- Segunda parte
Renato Galicia Miguel
Cuando acabé mi entrevista con Maryfer Centeno, me pidió mi libreta de taquigrafía en la que garabateé mis apuntes como respaldo de la grabación. Modestia aparte, dijo que mi letra era de “una persona inteligente”.
Años después, yo andaba queriendo con una amiga que me presentaba siempre con sus amistades como “muy inteligente”, pero añadiendo un misterioso, “bueno, no tanto”. Poco a poco, fui sospechando que lo decía porque, mientras en mi ingenuidad yo hacía mi luchita, ella quería con un amigo que conoció por mí.
Pinche Maryfer mentirosa, pensaba entonces, eso de que mi letra era de una persona inteligente lo hizo para quedar bien conmigo.
De todos modos quiero toparla de nuevo —a Maryfer, no a la amiga—, pues no puedo resistir pensar qué me diría de los “gestos gráficos” de infinidad de personas mala leche que he tenido la desgracia de conocer. Por ejemplo, una jefa de comunicación social equis.
Pues nunca puedo entender cómo es que una persona sin la capacidad debida llega a ser directora de una editorial famosa o cómo siendo clasista ocupa un puesto directivo en una institución federal cultural famosa.
La tenía por muy chingona porque, además, era esposa de un periodista admirado, pero todo eso se cayó cuando el día que le entregué mi primer boletín para que lo revisara, me llamó a su oficina y me inquirió:
—¿Renato, estás seguro que Centroamérica se escribe junto?
Podrán pensar ustedes, mis estimados lectores que seguro son muy inteligentes, que me estaba poniendo a prueba, pero no, pues un tiempo después tuvo que enviar desde Mérida, Yucatán, un boletín redactado por ella, y nos dimos cuenta de su nivel escritural: era de cero.

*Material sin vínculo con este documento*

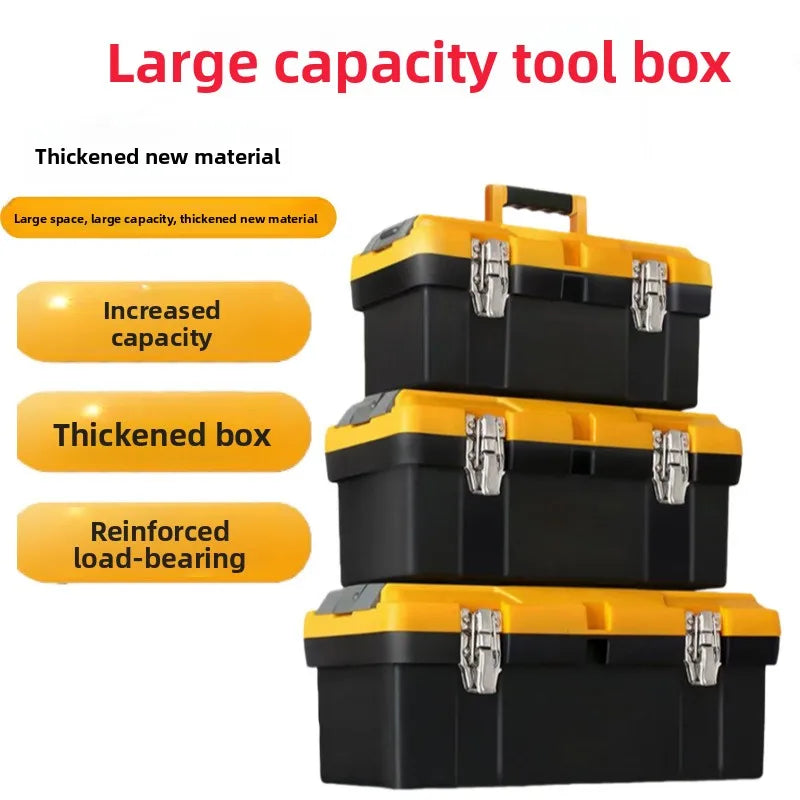 Multi functional two-layer toolbox, storage hardware, car repair tools, three sizes to choose from, wear-resistant and anti drop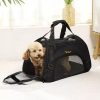 Biztonságos kutyahordozó táska, nagy szellőzéssel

Con el paso de las semanas y meses, mi queridísimo amigo Ramón Martínez de Velasco y yo, quienes éramos los reportebrios en la redacción del área, nos dimos cuenta que de periodismo y edición no sabía nada, pero en cuanto a relaciones públicas, blof y complejos de estatus social era la última chela en el estadio.
En otro viaje a Mérida, durante una comida con funcionarios de alto perfil a la que habían agregado al Ramón, se apersonó la jefa de marras y cortó al reportero, lo mandó al hotel, como dando a entender que él no tenía por qué estar ahí y ella sí: clasismo.
Lo patético fue que, mientras el reportero, que conocía Mérida como la palma de su mano, se fue a su hotel y se metió a la tina con agua calientita y una chela al lado, a la jefa aquella la cortaron los funcionarios porque se fueron a tugurear y terminó, después de aburrirse en el Paseo Montejo, metiéndose a un cine a ver Batman.
Esta actitud de la susodicha jefa se repitió varias veces, pero voy a mencionar una en específico: en una ocasión, el periodista Víctor Roura, entonces jefe de la sección cultural de El Financiero, andaba criticando chingón al intelectual Enrique Krauze, y al enterarse, el comentario de aquélla no fue por el tema en sí, sino por una cuestión clasista: ¡Ay, pero cómo se atreve ese Víctor Roura, si es un naco, y Krauze es una persona fina”.
En fin, al último, cuando mejor me sentía en la redacción de la oficina de comunicación social aquella y estaba escribiendo un chingo de boletines, la jefa me llamó a su oficina y me despidió porque dijo que era “frágil”.
Así que pinche Maryfer mentirosa: soy ingenuo y “frágil”, no “inteligente”.